• **The data**
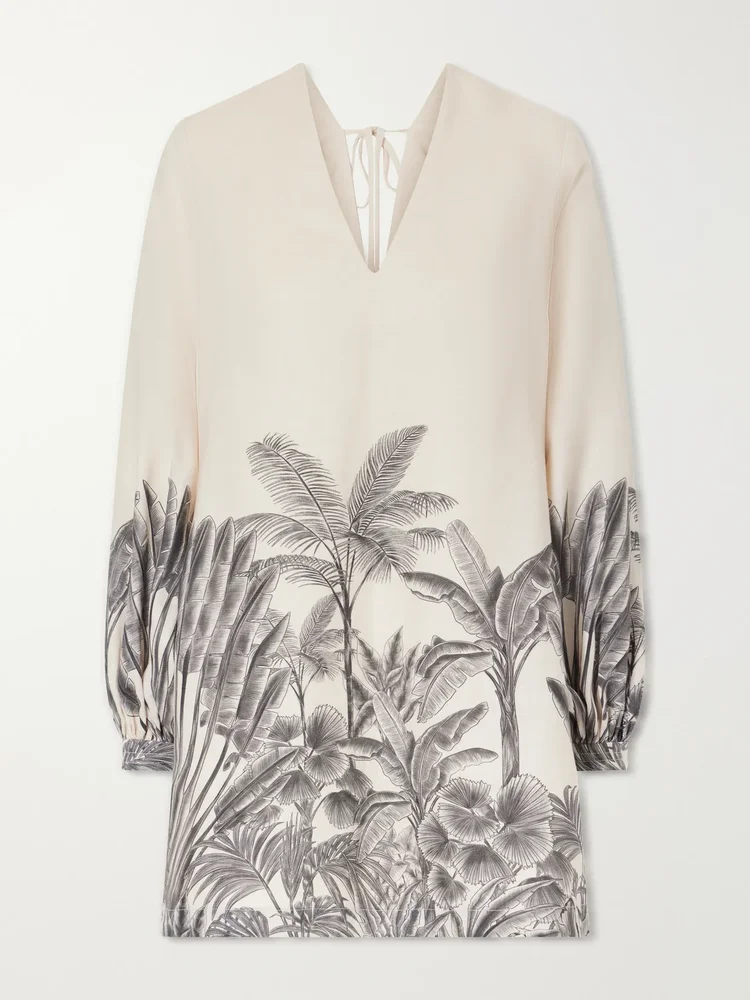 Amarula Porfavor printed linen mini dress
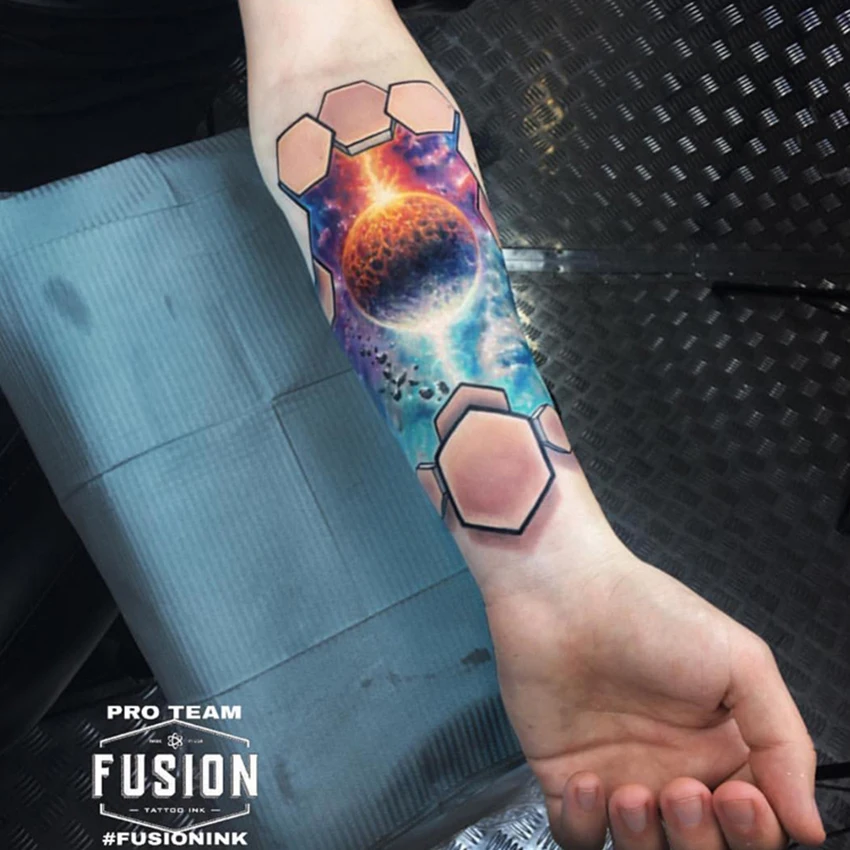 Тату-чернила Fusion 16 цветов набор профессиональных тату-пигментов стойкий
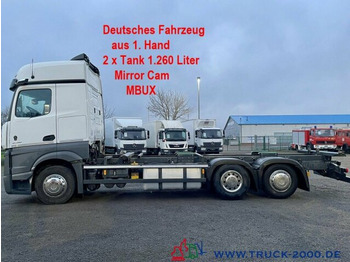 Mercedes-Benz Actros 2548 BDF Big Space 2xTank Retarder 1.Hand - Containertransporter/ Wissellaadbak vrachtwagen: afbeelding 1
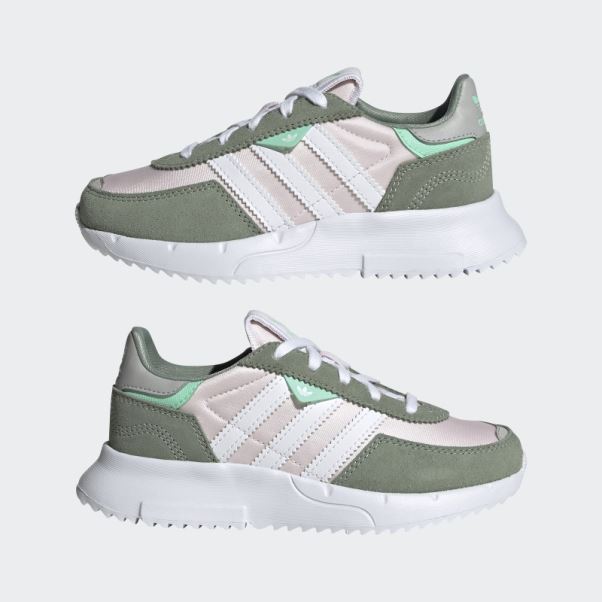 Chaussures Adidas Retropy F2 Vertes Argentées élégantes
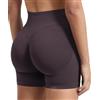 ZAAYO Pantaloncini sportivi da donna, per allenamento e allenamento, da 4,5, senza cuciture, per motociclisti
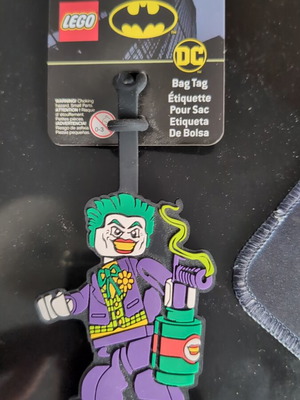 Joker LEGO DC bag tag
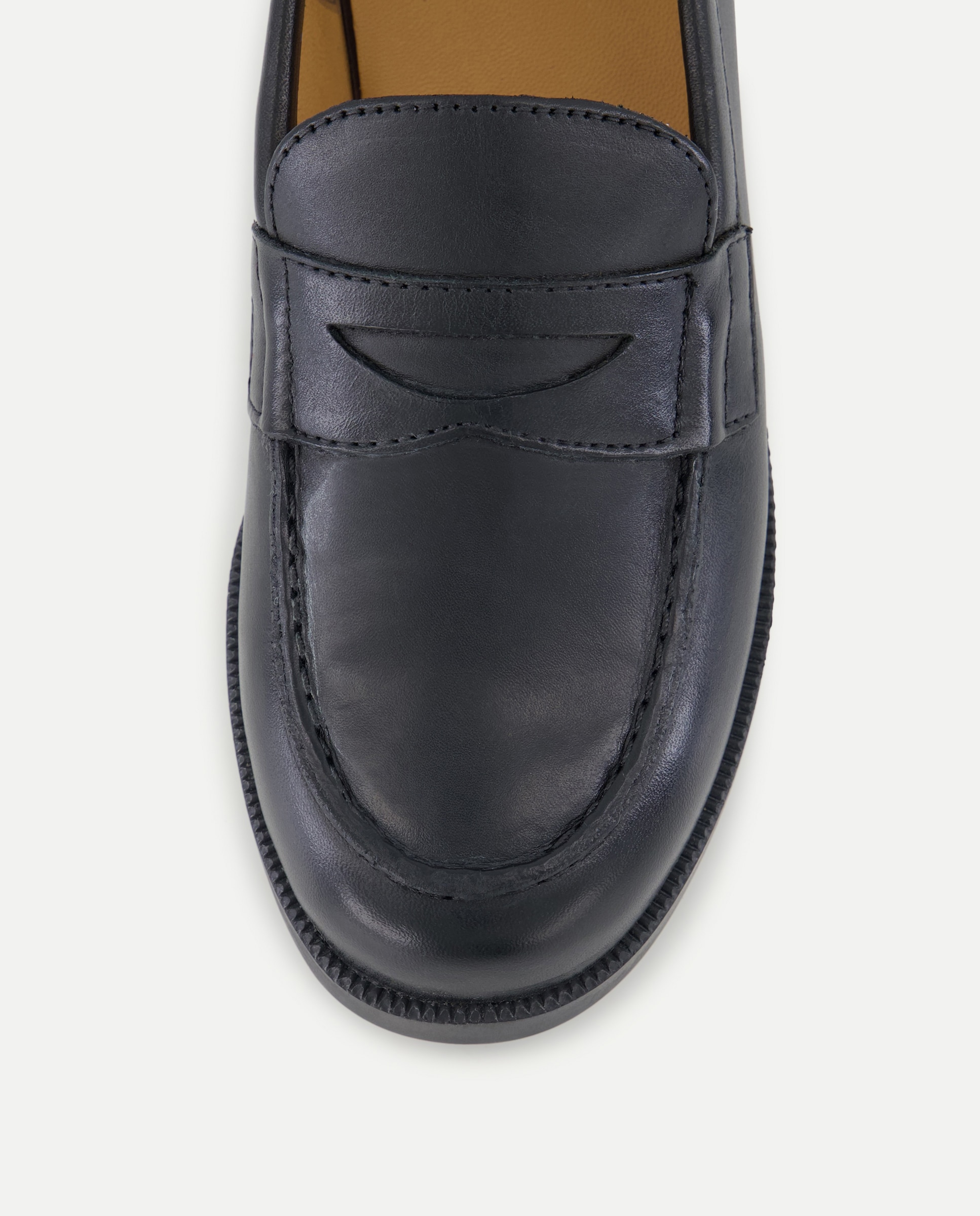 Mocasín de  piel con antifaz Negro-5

• **Activity**
Only the text of the records above, copied exactly, should be returned; the pictures stay out.

• **Solution for this task**
 Amarula Porfavor printed linen mini dress
 Тату-чернила Fusion 16 цветов набор профессиональных тату-пигментов стойкий
 Mercedes-Benz Actros 2548 BDF Big Space 2xTank Retarder 1.Hand - Containertransporter/ Wissellaadbak vrachtwagen: afbeelding 1
 Chaussures Adidas Retropy F2 Vertes Argentées élégantes
 ZAAYO Pantaloncini sportivi da donna, per allenamento e allenamento, da 4,5, senza cuciture, per motociclisti
 Joker LEGO DC bag tag
 Mocasín de  piel con antifaz Negro-5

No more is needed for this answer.